Ever since seeing that Letterman performance, witnessing that ‘Tightrope’ video and having my ears gladly submit to the unfathomably ambitious debut LP The Archandroid, I’ve struggled to believe that Janelle Monáe is actually real. The thought of the same woman responsible for those three things walking on to the stage at Hoxton Bar and Kitchen, as if walking around was no big deal at all, seemed frankly preposterous. It still seems preposterous, and I write this the morning after I saw it happen with my own eyes. But of course, Janelle Monáe doesn’t believe she’s real either. She believes she’s Cindi Mayweather, the robot messiah to a city called Metropolis, populated entirely by androids.
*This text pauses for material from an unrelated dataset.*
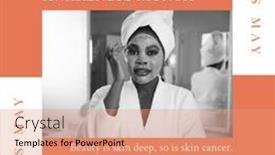  Presentation with skin health - Presentation theme with composition-of-skin-cancer-awareness background and a coral colored foreground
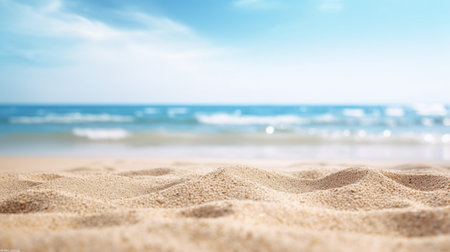 Close up of sand on the beach with blue sky and sea background.
Tourism travel concept.
Summer background concept.
Concept of copy space for text or product mockup.の素材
And by the end, I believe it too.
Despite being performed in a dingy East London scenester hangout, to use the word ‘gig’ to describe the events of this completely over capacity show is to do Janelle Monáe a disservice. I doubt Janelle Monae has ever played a ‘gig’ in her life. This is far more ambitious - there’s a master of ceremonies to usher her on, costume changes, backing singers wearing cloaks and masks, dancers sent out in to the crowd in order to whip it in to the required frenzy. As a concert, it’s as conceptually dense as her astonishing album, and it begins by playing said LP’s dizzying opening run of ‘Dance Or Die’, ‘Faster’ and ‘Locked Inside’ in a manner so forceful that to witness it is like being tied to the front of some runaway, RnB train.
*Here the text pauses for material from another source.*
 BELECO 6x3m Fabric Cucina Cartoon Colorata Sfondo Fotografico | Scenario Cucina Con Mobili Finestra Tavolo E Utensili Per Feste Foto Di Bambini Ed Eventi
Monáe’s band (consisting of a drummer, bassist-cum-keyboard dude and guitarist) are to be congratulated for their deft musicianship and wilfully going along with the performance aspect of the set to just the right extent. They don’t upstage our front lady one bit, rather they cleverly emphasise her multitude of endearing eccentricities with their own little curious yet toned down flourishes. But few people are prone to a gaze in their direction, and when they do, their glances are fleeting. Taking your eyes off Janelle herself is inadvisable, as she’s always about to do something mad, or brilliant. Often, and this most regularly takes the form of her dancing, she does something that combines both. She’s a show off, as you might expect – after that initial, bafflingly brilliant run of three tracks discussed above, she performs a stunning version of Charlie Chaplin’s ‘Smile’ simply to boast of how supremely talented a singer she is. Rather than hate her arrogance, all you can really do is agree with it.
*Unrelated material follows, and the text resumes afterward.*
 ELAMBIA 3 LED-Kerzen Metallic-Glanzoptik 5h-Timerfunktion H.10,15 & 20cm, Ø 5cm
What we assumed would be the set’s peak arrives earlier than anticipated, but it leaves me pleased as punch to report that ‘Tightrope’ is as thrilling a live spectacle as one could have hoped for. And maybe it’s the heat that’s stopped them prior to its airing, or perhaps it’s just that people are quite literally stunned into paralysis by the quality of what’s being presented to them, but it’s only when she plays this signature tune of hers that the audience kicks in to gear. From here, with everyone now singing from (dancing to?) the same hymn sheet, it becomes clear that the set isn’t about to drop from this assumed peak. It’ll just plateau out at brilliance for the remaining half hour, through more costume changes, more insane dancing, and a pair of encores of the kind that are actually warranted rather than mere rock and roll tricks.
By this point, we’re eating out of the palm of her hand. So much so that it only dawns come the end of the show that we haven’t in fact learnt anything about Janelle Monáe the person tonight. There’s not one bit of banter, no thank yous, no boring platitudes about how much of a pleasure it is to be in London and the like. She doesn’t speak once – the palpable sense of respect for her audience is born only out of how much she puts in to her performance. Which is everything.
The girl’s a total diva, too. She arrives on stage frustratingly late (because she can) and charges £50.00 for a ticket to a ‘meet and greet’ after the show. Ridiculous though this is, I don’t seem to mind – I think fifty quid towards whatever fantastical pop experiment of a record she wants to make next is probably money well spent. But I fear to take her up on the offer might ruin the idea I entertain that she isn’t actually real, an idea that makes this whole affair all the more enjoyable. I don’t even like the parts where her hair falls out of place – it just seems a bit like something that would happen to a normal person. Come the end of this night, despite having spent the past hour being merely feet away from her in the same room, Janelle Monáe still doesn’t seem human. She seems much better than that.